When it comes to individualized punishment in hell, Dante is usually a bit too human to rejoice in the sufferings endured by those he encounters, but he has no doubt of the justice of their being there, as stated (among other instances) in lines 10-12 of Canto 15 of the Paradiso.  “It is well the he grieve without end who, for love of a thing that does not last eternally, divests himself of that other love” (where the “other love” is the love for and of God, a love that does last eternally.) There is just no atonement at all available for some people.

In short, there is always a soupcon of sadism and of self-satisfaction in the justice that motivates the right: people should get what they deserve.  So the bad guys should be punished, and the good guys (me!) deserve all the rewards you can pile up.  Meritocracy with a vengeance (quite literally).

The harshness is the point; it cannot be siphoned out to create some sort of “compassionate conservatism.”  Even if the paternalism imagined in compassionate conservatism were to be enacted, it would be within the strict limits of the family (i.e. citizenry).  Dubya may actually have been a sincerely compassionate guy, a true believer in No Child Left Behind (a noble slogan after all).  But the compassion was certainly not going to extend to Afghans or Iraqis.  The right is fueled by righteous indignation—and the desire to meet out punishment to those who “deserve” it, while augmenting the spoils divided up among the blessed. 

That’s why American conservatism is shot through and through with a certain version of Christianity.  Meritocracy—and the outraged sense that taxes take my hard-earned and well-deserved wealth and give it to the unworthy—is just another version of a religion built upon dividing sinners from non-sinners, and equating justice with the sinners getting hell and the non-sinners getting heaven.

Leftists are talking of something altogether different when they talk of justice.  Maybe you could torture the left wing notion of justice into the language of “desert.”  But the idea centers on what people deserve by the basic fact of being human.  What we owe to one another as humans.  Some basic set of ways to satisfy fundamental material and psychological/social needs.  The things required to render a life worth living.  The means to forging a flourishing life.  Shame unto the society that begrudges those things to any in its midst. Such a society is unjust.

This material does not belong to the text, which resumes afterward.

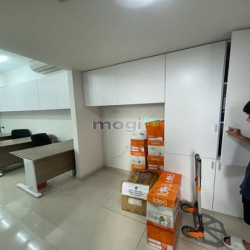 Cho thuê OT 1PN 50m2 The Tresor Quận 4 nội thất văn phòng 18 triệu
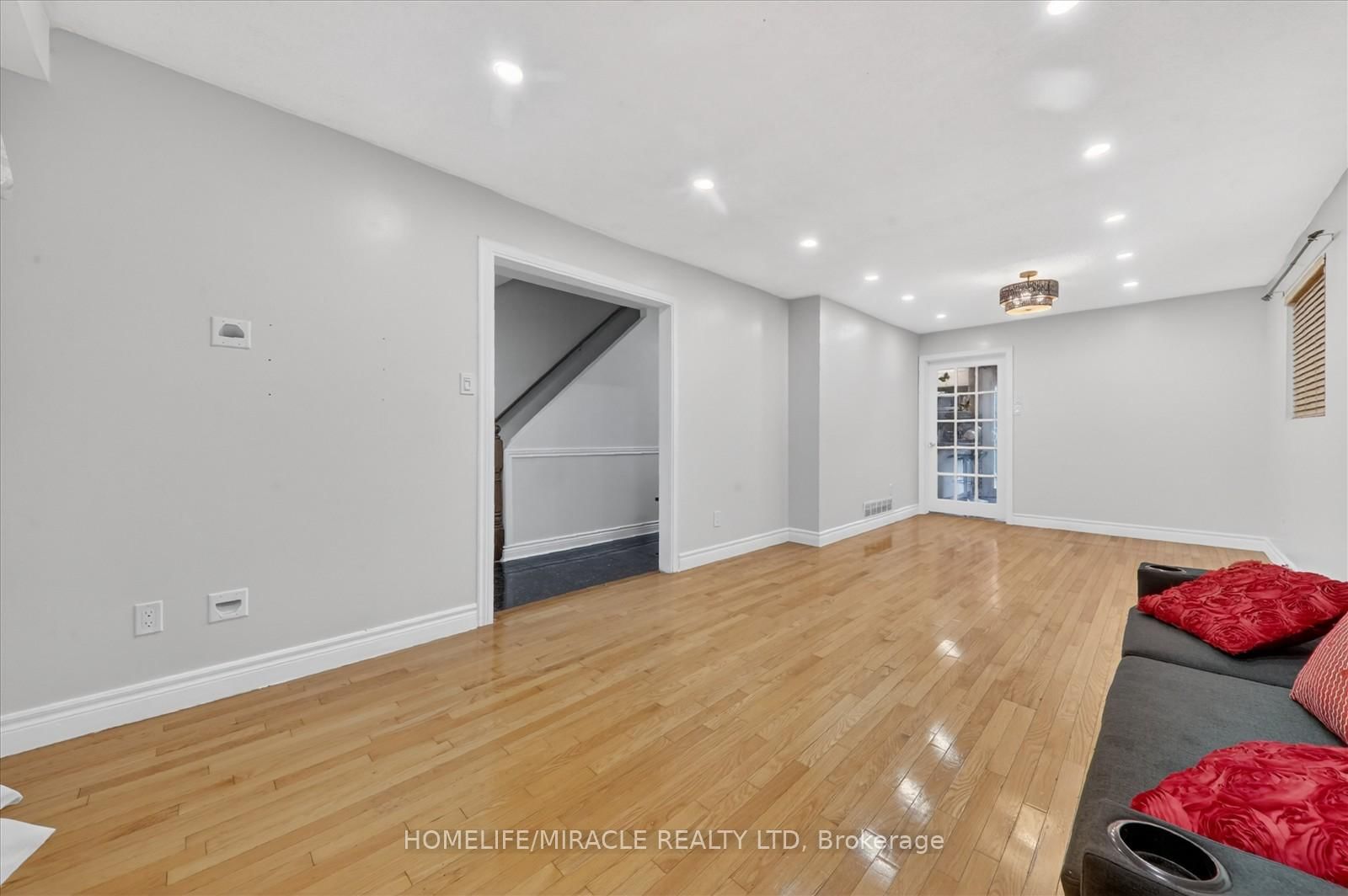 42 Nahanni Terrace • Toronto, ON photo 9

The left’s idea of justice has some Biblical sources as well (of course).  But as Dante’s poem reminds us: ministers of vengeance and cupidity seem to usually have the upper hand in the Christian churches.  There are always heathens and heretics at the door—and surely god does not want you to extend a helping hand to them.  All that love your enemies stuff is overwritten by the doctrine of god’s eventual justice, of the fact of hell. If even God can’t love wicked humans, but sends them to hell, then there is a definite limit to what enemies you are enjoined to love.

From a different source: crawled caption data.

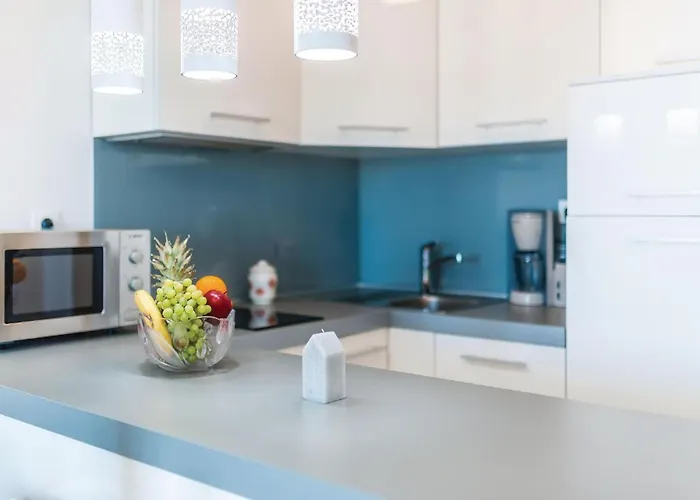 Appartement Awesome In *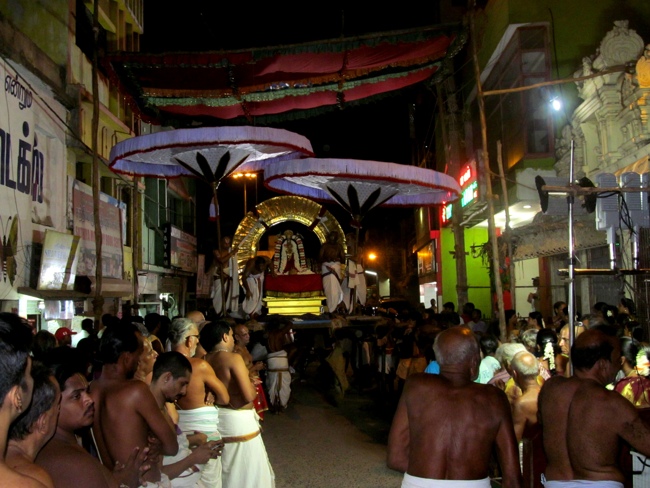 Thiruvallur Sri Veeraraghava Perumal Chithirai Brahmotsavam Day 2 Night 05-05-2014    17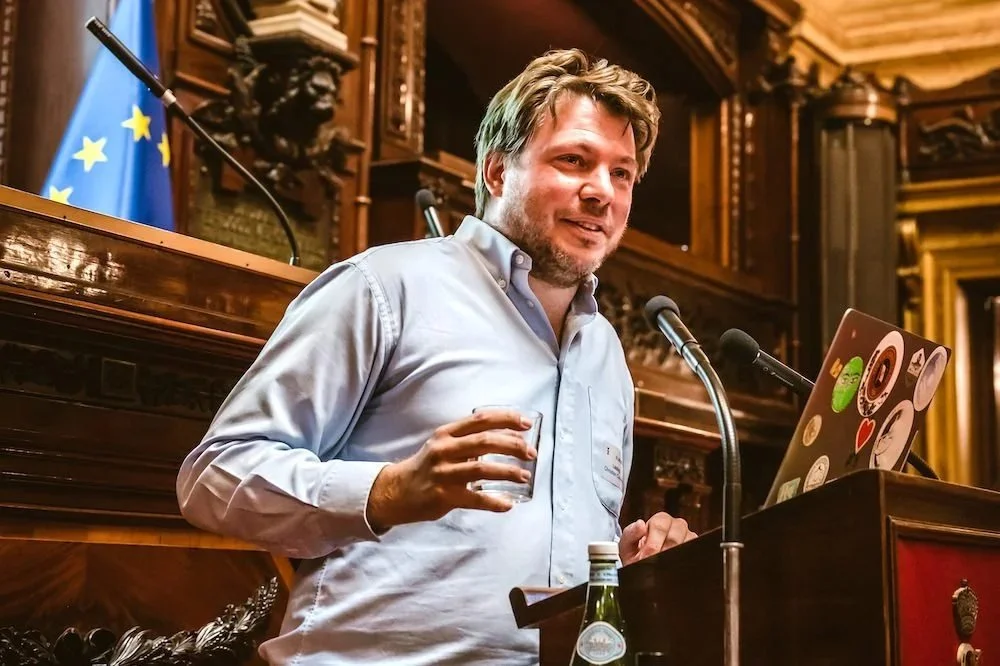 foto CC in Senaat.jpeg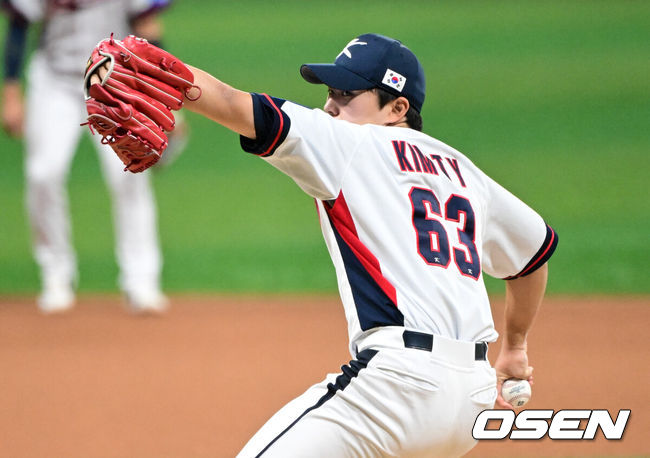 [OSEN=고척, 조은정 기자]8일 서울 구로구 고척스카이돔에서 ‘2025 NAVER K-BASEBALL SERIES’ 대한민국 야구 대표팀과 체코 야구 대표팀의 경기가 열렸다.한국은8일과 9일 2025 K-베이스볼 시리즈 체코 대표팀과의 2경기를 시작으로15일과 16일 양일에 걸쳐 도쿄돔에서 일본 대표팀과 2경기를 치른다.8회초 한국 김택연이 역투하고 있다. 2025.11.08 /cej@osen.co.kr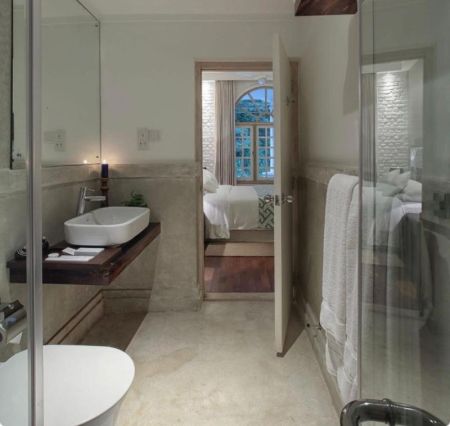 Bathroom - Luxury 20 Rooms Villa for Rent in Kandy Close to the Kandy Town 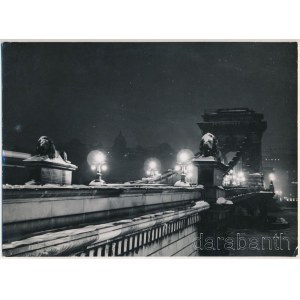 cca 1930-1940 Szendrő István (1908-2000): Budapest, a Lánchíd éjjel, háttérben a Budavári Királyi Palota, a hátoldalon pecséttel jelzett fotó, 17×23 cm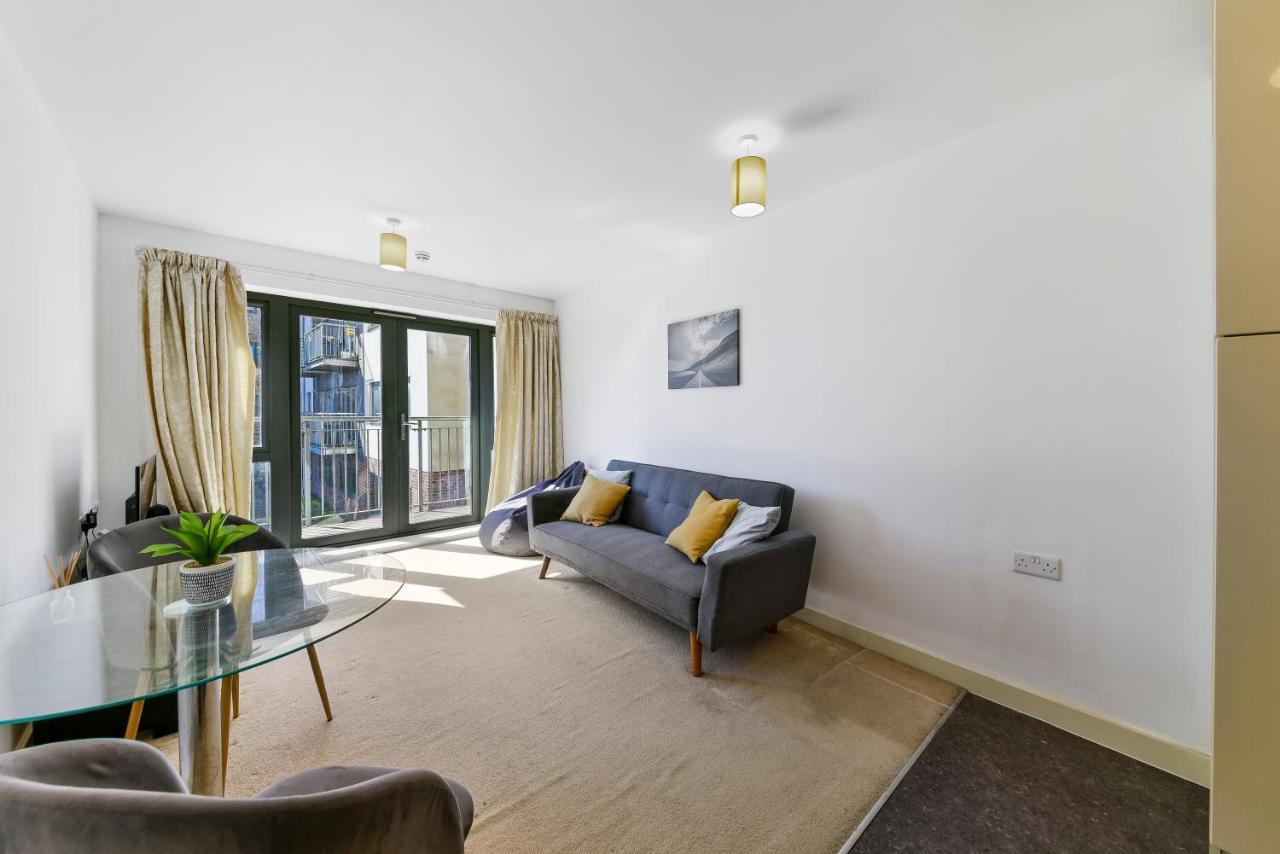 דירות לונדון Luxe 1 Bed Flat 5 Mins To Stratford - Free Parking מראה חיצוני תמונה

So the two sides talk past one another.  The right sees threats, enemies, and (simply in some cases) the undeserving.  The reprobate not only bring suffering upon themselves,  but it also outrageous if society does not act to punish them, to make them pay for their waywardness. Why leave punishment to the next world when you can get the jump of divine vengeance in this one?

The left (bleeding heart liberals) saves its indignation for the cruelty of a society that treats those it deems unworthy so harshly.  Its cries for justice are for society to do right by these neglected souls, not to heap more suffering upon them.

One thought on “Justice and American Politics

  1. Where the Left fails miserably is that they forget that, if I owe what is mine to some other merely for existing, then I also have a form of ownership of them and the duty to end them if they become a drain or threat simply because they exist poorly.

    If I am their keeper, then I am their keeper with all that implies.